Tuesday, January 31, 2006

yokomono 03 / Staalplaat album is out

I got email from Geert-Jan from Staalplaat:
The Yokomono 3 / Staalplaat album is out!

It is locked-groove record like the previous Yokomono albums, but the other side is now different. There are two grooves(!) on that side and two works crossing each other. These are Mika Vainio's piece and my composition Nordic Prince. One of these tracks (groove) is normal, but the second track is grooved opposite way, from center to outer zone. So every 1.8 second the grooves will cross each other and at these crossroad points the needle might accidentally take which direction it like.

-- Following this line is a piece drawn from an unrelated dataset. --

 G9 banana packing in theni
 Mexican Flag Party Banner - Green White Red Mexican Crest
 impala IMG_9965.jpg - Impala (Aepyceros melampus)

The original idea was that Staalplaat Soundsystem will play the album in their Yokomono concert at Avanto festival's opening night, November 18th 2005. Unfortunately the company which promised to print the record couldn't make it in a given time, so it took almost two months to finish the project. If I understood correctly, this is the first record ever made this way, meaning that two grooves works like this and needle makes chance-mixes of both tracks... More here:
http://www.staalplaat.com/
http://www.staalplaat.org/pdf/sss_yokomono_doku_1205.pdf
http://www.avantofestival.com/2005/main.php?ln=en&sub=4&pg=staalplaat


Staalplaat Sound System
The "YOKOMONO" concept

The present setup consists of 10 vinyl killers - toy car record players, each customised with its own fm transmitter. The sound will come through a set of radios that receive the signal transmitted by the vinyl killers. You might think Yokomono is just a DJ set with 10 turntables, and in a way that is correct, but in many more ways Yokomono is completely different. First of all: each killer is mono and has poor sound quality, but much more Yokomono is very hard to handle, you can not really select a track or make it stop when you want to, it is more putting the needle down blindfolded. The real difference starts when you realise each killer runs on batteries, meaning the speed is unstable and it will slow down during the concert, the fact that the batteries run out will not only effect the speed but it will effect the fm frequency that the killer is transmitting, too, making Yokomono unstable on different levels. The fact, that we transmit with 10 fm transmitters at the same time means that each transmitter is effecting the other. These interferences and the unstable media that are transmitting makes the whole set unpredictable and hard to control, making Yokomono unique and adventurous.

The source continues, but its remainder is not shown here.